FOUNDER IN TRANSITION: HOW TO GLIDE THROUGH THE FREE-FALL
On the first day of his hiatus, Orloff looked at his calendar and saw… nothing. His schedule, which had been virtually booked solid since he founded LendUp, was a blank canvas. “The gravity of the situation was just hitting me, that I just left these years of intense, lock-step scheduling without another logical next step. You don’t just Google ‘What should I do after leaving the company I built?’ I felt confused and disoriented. It was honestly intense.”
So much of a founder’s identity is wrapped up in their company. When you pour your life into building something, and then you change course, you almost have to redefine yourself. That intensity of introspection can be daunting.
But in spite of the initial confusion, the pause was also an opportunity for Orloff to regain clarity. “Scaling a startup leaves so little free time. When I was CEO, I was evaluating whether every 15-minute increment was the most valuable use of my time. At worst, it can get to the point where you feel guilty for spending time on anything outside of work, like relationships or your own health.

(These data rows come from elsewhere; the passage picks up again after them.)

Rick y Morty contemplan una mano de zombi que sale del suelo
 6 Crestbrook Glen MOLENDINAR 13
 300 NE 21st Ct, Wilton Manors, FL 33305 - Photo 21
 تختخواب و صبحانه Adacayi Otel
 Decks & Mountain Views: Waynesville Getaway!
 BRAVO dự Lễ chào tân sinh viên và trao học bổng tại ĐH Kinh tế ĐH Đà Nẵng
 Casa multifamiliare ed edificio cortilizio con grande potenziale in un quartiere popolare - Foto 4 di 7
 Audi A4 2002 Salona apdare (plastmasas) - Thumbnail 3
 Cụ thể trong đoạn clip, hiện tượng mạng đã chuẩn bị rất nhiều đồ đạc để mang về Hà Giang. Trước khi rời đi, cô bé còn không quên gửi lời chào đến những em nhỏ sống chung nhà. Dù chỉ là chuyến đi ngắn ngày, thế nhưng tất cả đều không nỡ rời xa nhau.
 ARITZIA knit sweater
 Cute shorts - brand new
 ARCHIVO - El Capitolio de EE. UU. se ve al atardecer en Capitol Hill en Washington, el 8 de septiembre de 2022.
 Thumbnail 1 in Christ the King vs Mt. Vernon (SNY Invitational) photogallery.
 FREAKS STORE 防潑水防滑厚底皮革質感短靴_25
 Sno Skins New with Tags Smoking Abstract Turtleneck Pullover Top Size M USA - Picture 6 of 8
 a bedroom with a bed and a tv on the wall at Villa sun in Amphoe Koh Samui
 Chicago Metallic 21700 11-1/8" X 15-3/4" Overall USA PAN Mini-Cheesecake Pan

Taking a break is a chance to reclaim a sense of who you are and what you value, outside of your company.”
Whether you’re a founder preparing for a big transition, or looking to take a brief intermission, Orloff offers some pointers on giving shape and color to the white space.
- First, disconnect fully. “Taking time and distance away from your work helps you see opportunities that are outside of your immediate world, and it puts your own experience into perspective. I started my transition with a 14-day email and phone detox, but you don’t have to take a hundred-day break to do this: Scale the detox period down to fit your personal runway, whether that’s a weekend, or an afternoon of reflection.”
- Give yourself a framework for free time. “For professional and personal transitions, I highly recommend William Bridges’ book Transitions: Making Sense of Life’s Changes. The book doesn’t claim to solve or speed up your transition, but it focuses on learning to understand the circumstances that led up to it and opening up a pathway to think through what might come next. I also found that creating structure around a break period was key — quite a few people told me that their sabbatical time flew by, and they didn’t accomplish as much as they hoped. Having a structure, on the other hand, helped me be far more intentional about my time. Otherwise, you’ll find out, as I did, that it’s very easy to turn on Netflix in the morning and too many hours later suddenly realize that it’s dark outside.”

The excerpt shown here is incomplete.